For others, the activity might involve "making their apartment super comfortable and doing a little 20-, 30-minute YouTube workout or maybe hopping on their bicycle that they have at home," she said.
The trend has resulted in a lot of attention for Zuckerbrow, who currently has over 973,000 TikTok followers. Her "cozy cardio" videos have received a relatively high number of views on her account, and she told BI she is trying to get the term trademarked.
Along with the outward success, the story of how "cozy cardio" blew up online has also come hand in hand with personal development for the creator, who told BI the activity has helped to heal her own strained relationship with exercise.
Zuckerbrow said that she is not against people using "cozy cardio" for weight loss — she even uses the hashtag #weightloss in some of her cozy cardio videos — but that's not what it was created for.
Before she was known for her "cozy cardio," Zuckerbrow's TikTok content was primarily focused on weight loss. She told BI she previously lost around 100 pounds from 2020 to 2022, and she has shared multiple TikTok videos about her weight loss with her audience.
However, towards the end of 2022, Zuckerbrow said she had gained an estimated half of the weight she lost back, adding that this caused her to reconsider what she was posting about on her account.
"You can't be a weight loss account on social media while gaining weight, you know what I'm saying? And so that really forced me to look in the mirror and decide what I wanted my page to be about. If weight loss really truly was what I stood on and what I wanted everybody to learn from me on, and that just really wasn't it," she told BI.
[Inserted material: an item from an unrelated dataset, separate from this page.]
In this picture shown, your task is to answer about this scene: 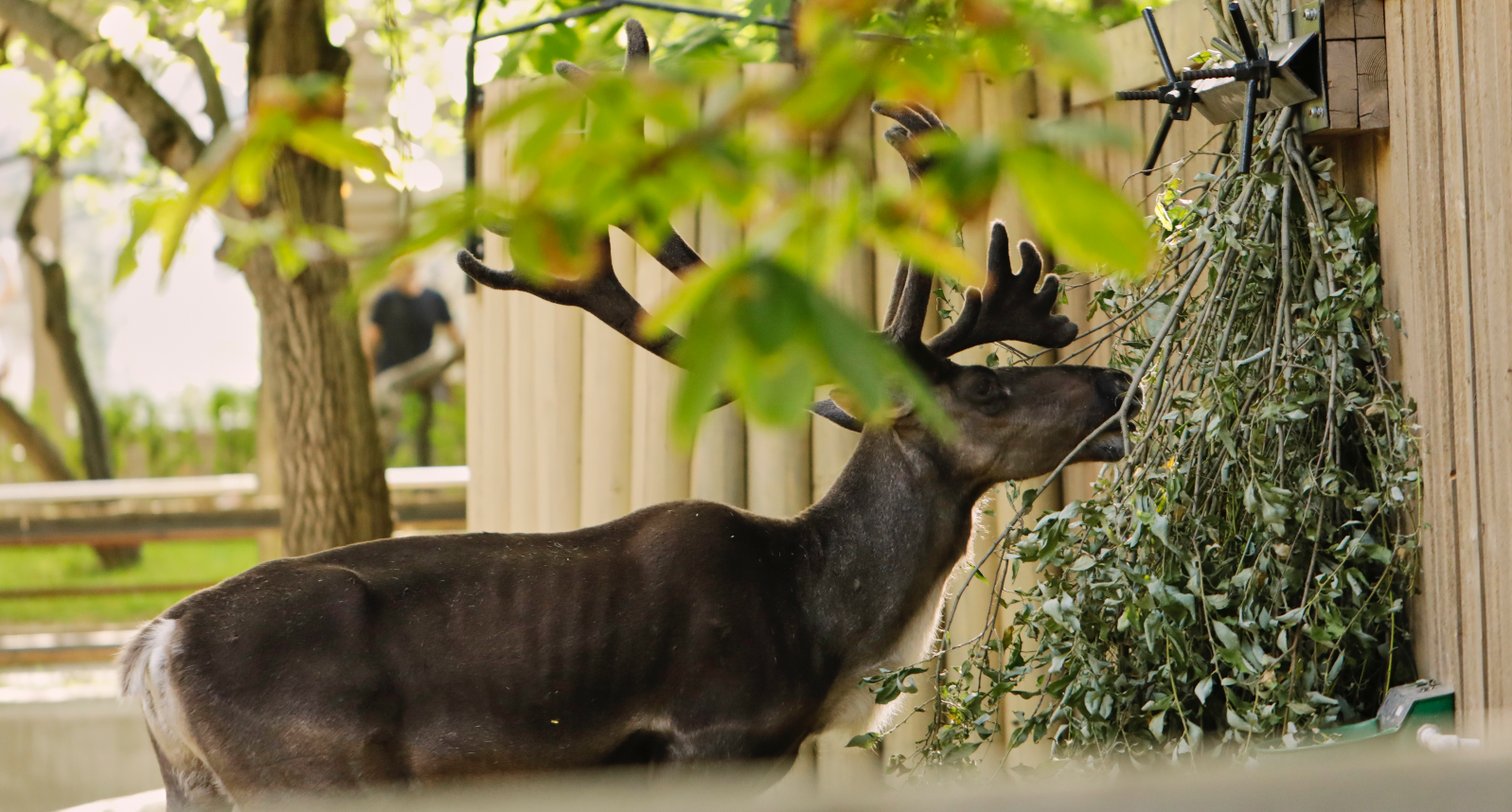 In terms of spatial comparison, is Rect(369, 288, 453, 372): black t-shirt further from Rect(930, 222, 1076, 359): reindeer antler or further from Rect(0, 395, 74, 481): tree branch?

Zuckerbrow said that after she gained weight back, she noticed that people began to treat her less favorably, and she began to consider the question, "Who am I without my weight loss?"
"That is what kind of sparked it all for me. I really had to learn to grow outside of what my body looked like," she told BI.
Zuckerbrow said she began making content focused on what health and wellness meant to her outside of weight loss, which is when she discovered cozy cardio.
Zuckerbrow told BI that since she's started focusing on "cozy cardio," her attitude towards exercise has changed.
"It didn't feel like a punishment. It didn't feel like a super intense workout that I had been telling myself I had to do if I wanted to be healthier," she said.
Zuckerbrow now experiences enjoyment in exercising multiple times a week and told BI it has also helped her to gain the confidence to start going to the gym.
Though her TikTok content was once focused on weight loss, Zuckerbrow says she now considers herself to be a health, wellness, and lifestyle content creator with a focus on self-love.
"I think the beginning of my journey on social media, the weight loss content, it's not something that I'm super proud of now because I don't think that I think weight loss should be in the center of anybody's world like it was for me, but I'm super happy to have grown the way that I have from it," she told BI.